Data shown
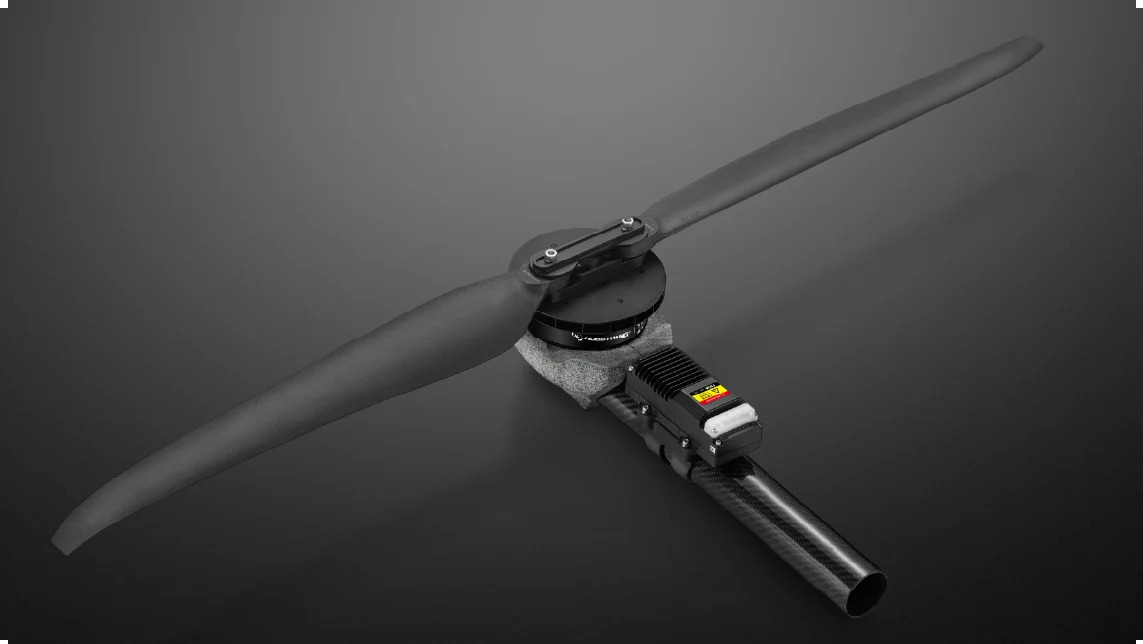 Hobbywing X9 Plus G2L with MFP 43x14 folding propeller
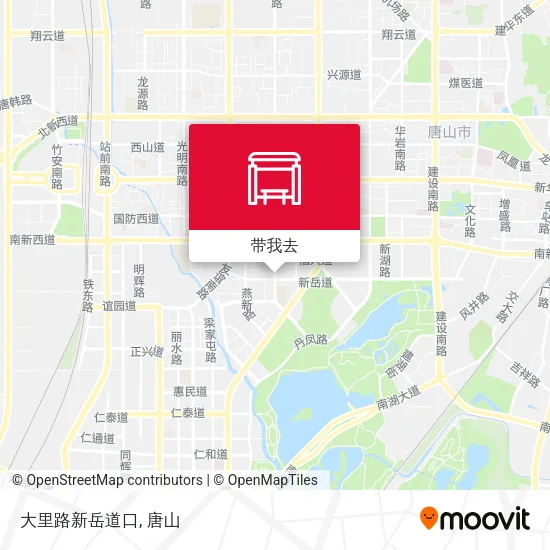 大里路新岳道口地图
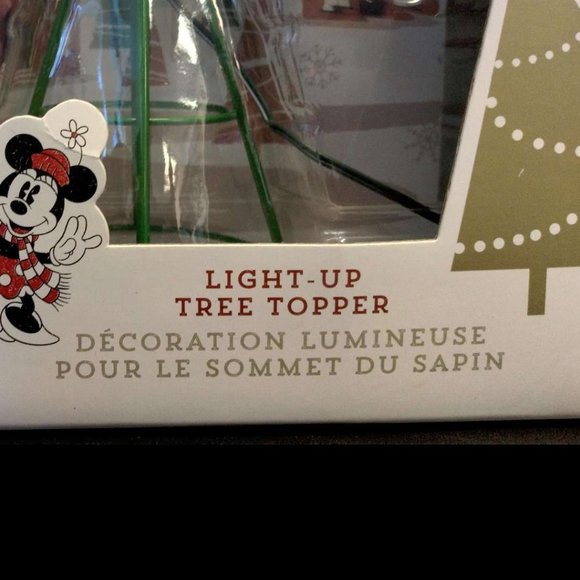 Disney Mickey and Minnie Mouse Light-Up Holiday Tree Topper - Picture 8 of 12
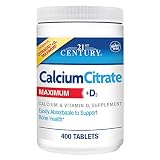 21st Century Calcium Citrate Plus D3 Maximum Tablets, 400 Count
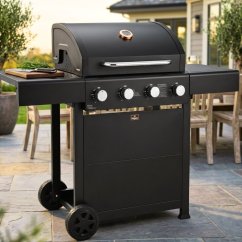 4 égőfejű kültéri gázgrill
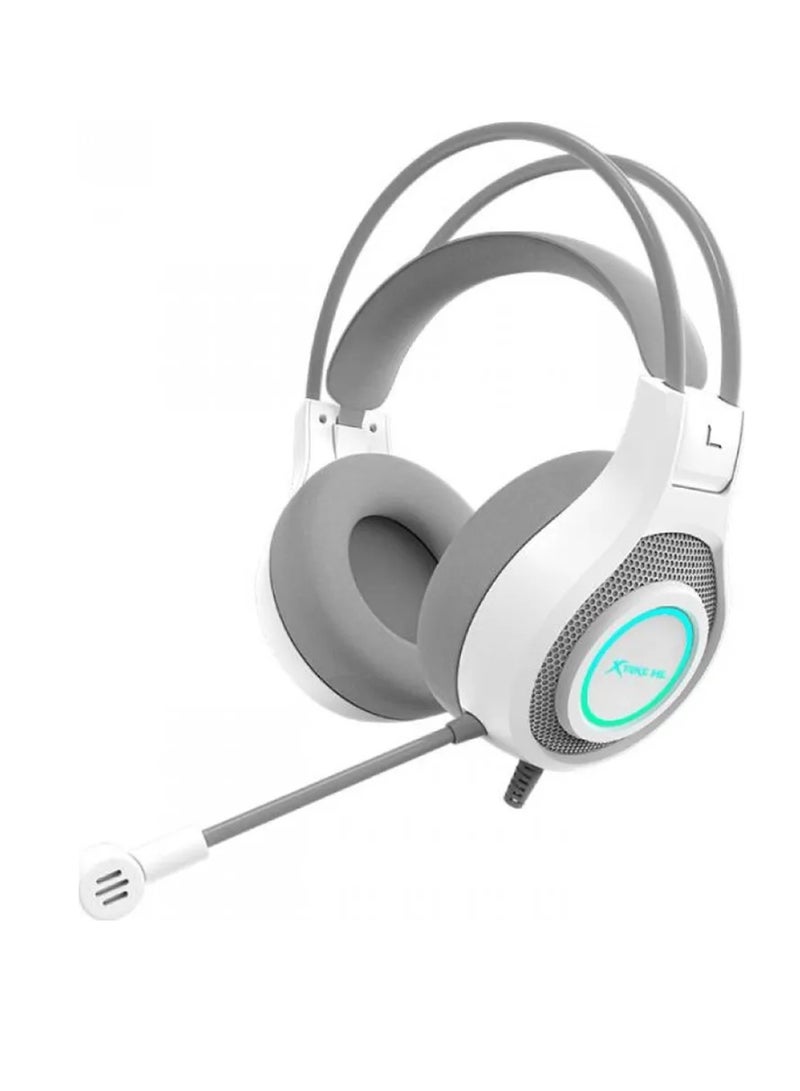 XTRIKE ME سماعة ألعاب سلكية GH-515W مع وظيفة إضاءة خلفية RGB وصوت ستيريو - Image 3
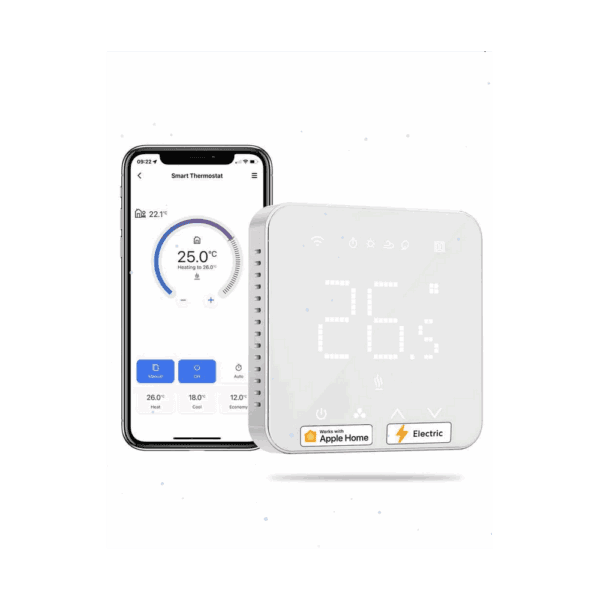 meross smart wi fi thermostat for electric underfloor heating system (mts200hk eu)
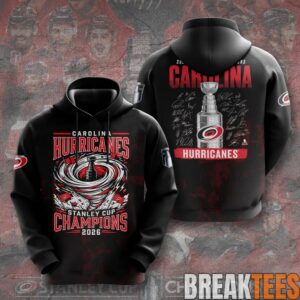 Carolina Hurricanes 2026 Stanley Cup Champions Black Edition Hoodie 1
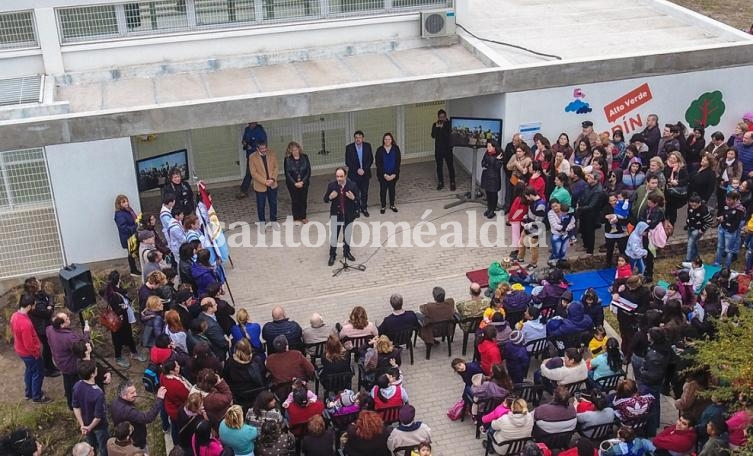 Santa Fe: Inauguraron un nuevo Jardín Municipal en Alto Verde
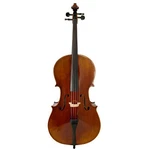 Luca Flamed Ebony Inlaid Professional Cello Outfit W/padded Gig Bag, 1/2 Size. Fixed Price $1499.00.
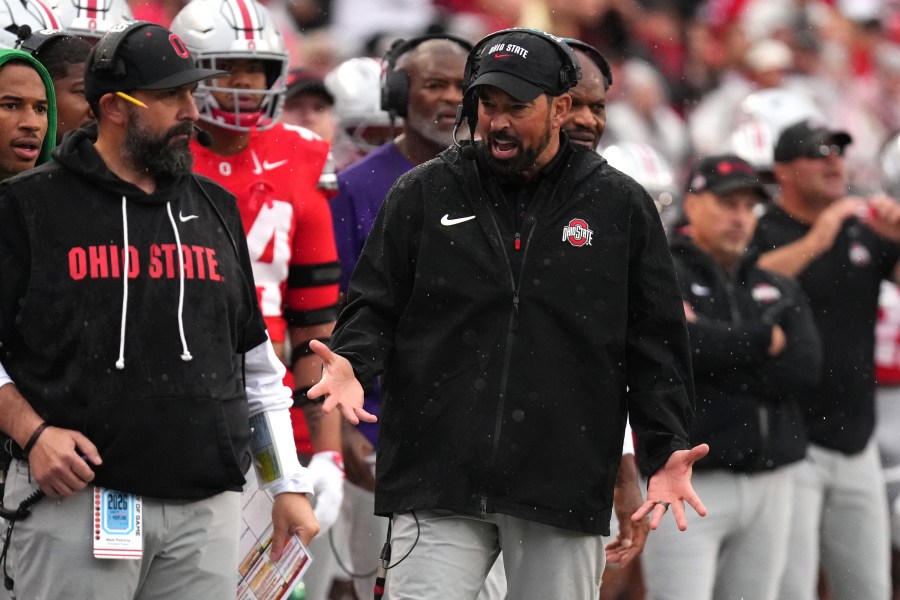 Watch: Ryan Day doesn’t name starter at quarterback for USC game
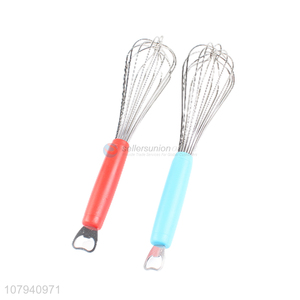 High quality multicolor stainless steel egg beater for baking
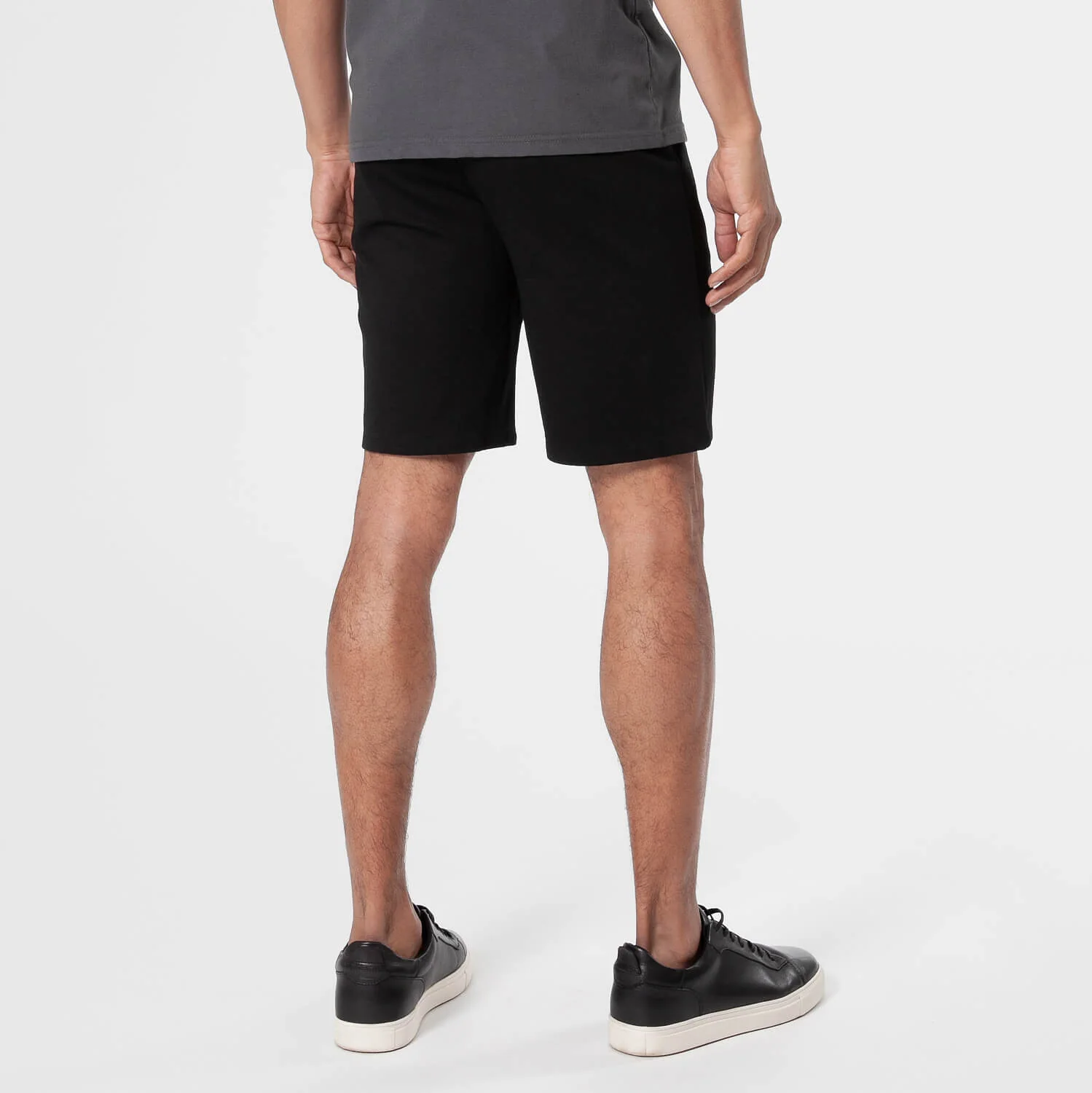 9" Black & Sandstone Comfort Knit Chino Shorts 2-Pack - Image 4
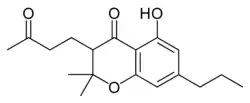 Strukturformel Cannabichromanon-C3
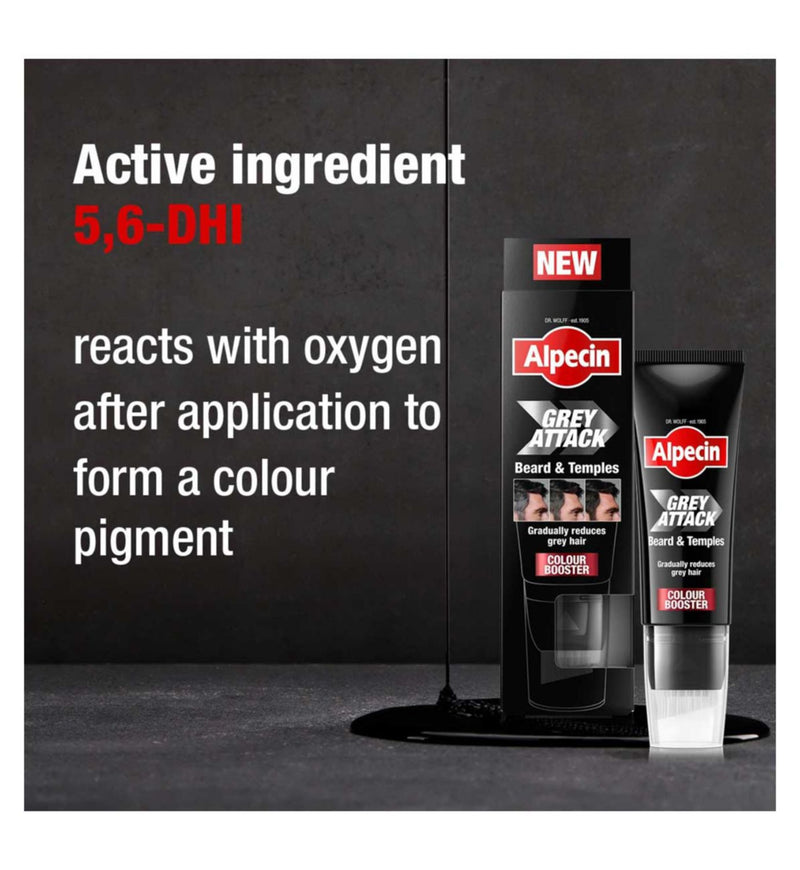 Alpecin Grey Attack beard temples colourant 50ml (British brand)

Problem to solve
Please output all the records above exactly, leaving out every picture.

Result of this task
 Hobbywing X9 Plus G2L with MFP 43x14 folding propeller
 大里路新岳道口地图
 Disney Mickey and Minnie Mouse Light-Up Holiday Tree Topper - Picture 8 of 12
 21st Century Calcium Citrate Plus D3 Maximum Tablets, 400 Count
 4 égőfejű kültéri gázgrill
 XTRIKE ME سماعة ألعاب سلكية GH-515W مع وظيفة إضاءة خلفية RGB وصوت ستيريو - Image 3
 meross smart wi fi thermostat for electric underfloor heating system (mts200hk eu)
 Carolina Hurricanes 2026 Stanley Cup Champions Black Edition Hoodie 1
 Santa Fe: Inauguraron un nuevo Jardín Municipal en Alto Verde
 Luca Flamed Ebony Inlaid Professional Cello Outfit W/padded Gig Bag, 1/2 Size. Fixed Price $1499.00.
 Watch: Ryan Day doesn’t name starter at quarterback for USC game
 High quality multicolor stainless steel egg beater for baking
 9" Black & Sandstone Comfort Knit Chino Shorts 2-Pack - Image 4
 Strukturformel Cannabichromanon-C3
 Alpecin Grey Attack beard temples colourant 50ml (British brand)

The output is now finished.